I'm working on a paper, which partly replicates some findings from a previous paper in my field. To be more particular, I am running the same model, estimating the same treatment variable, using exactly the same design, on new data in the same context.

The findings from my models differ somewhat from the study I am replicating, and I am now looking for a way to aggregate the evidence (i.e. the estimates of the treatment effect) across the two studies. I think the paper would benefit from a clear, formal statement about what we know now, based on the two studies.

In both cases, the treatment variable is estimated using least squares regression. My first idea was to aggregate the evidence by running a Bayesian linear model, using the findings from the first regression as a power prior for the treatment variable. The posterior would then reflect both the previous findings (in form of the prior) and the new evidence. A senior researcher in my field suggested that I should look into inverse-variance weighting, which I know is frequently used in meta-analysis. Of course, this is a form of meta-analysis, albeit with N = 2.

I know what to do to proceed with the Bayesian analysis, but would be happy to hear about any alternative ways to aggregate this evidence. Any suggestions on how to proceed with this are greatly appreciated.
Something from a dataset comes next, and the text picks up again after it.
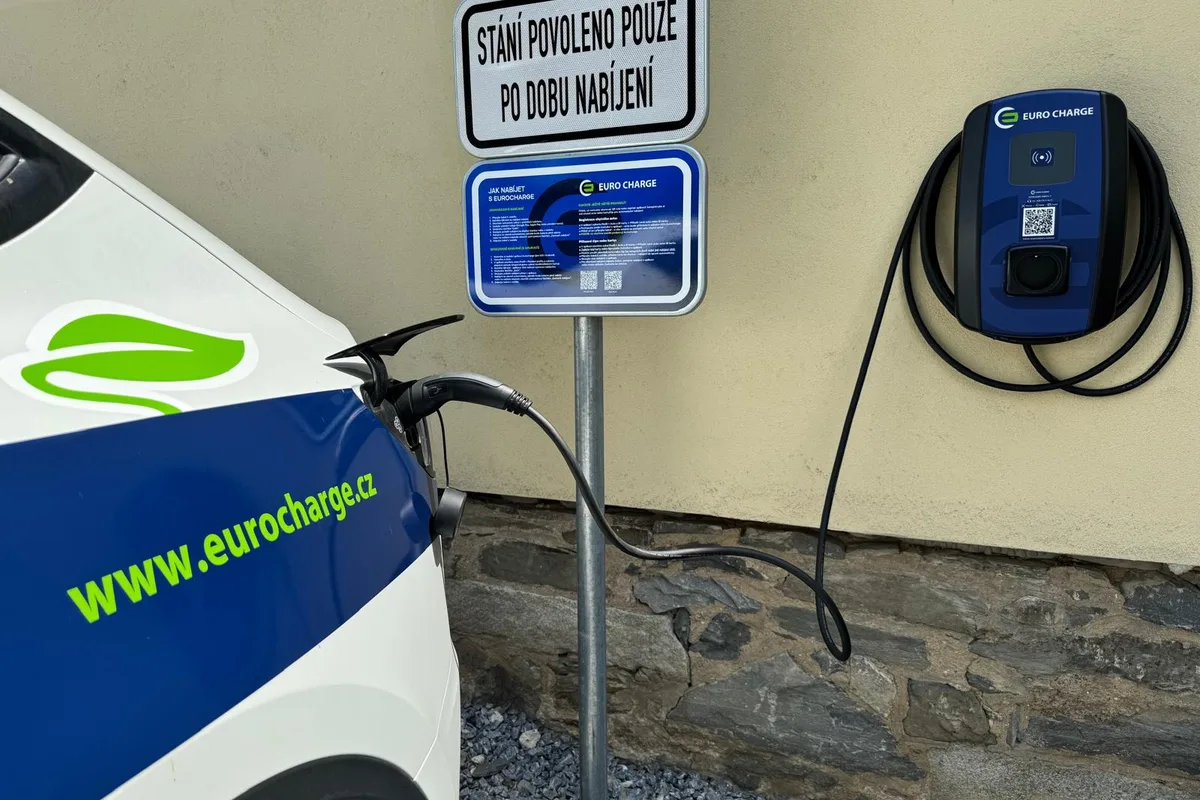 Elektromobil u wallboxu u Hotelu Praděd Thamm ve Zlatých Horách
You can indeed run a meta-analysis using standard software for that purpose. The only thing I would be cautious about is placing too much reliance on the estimate of heterogeneity $\tau^2$ (or $I^2$) that you get. With only 2 observations estimating a variance is going to be very imprecise. In turn this means that a random effects meta-analysis will be using an imprecise estimate of $\tau^2$. But as long as you are cautious I see no problem in that approach.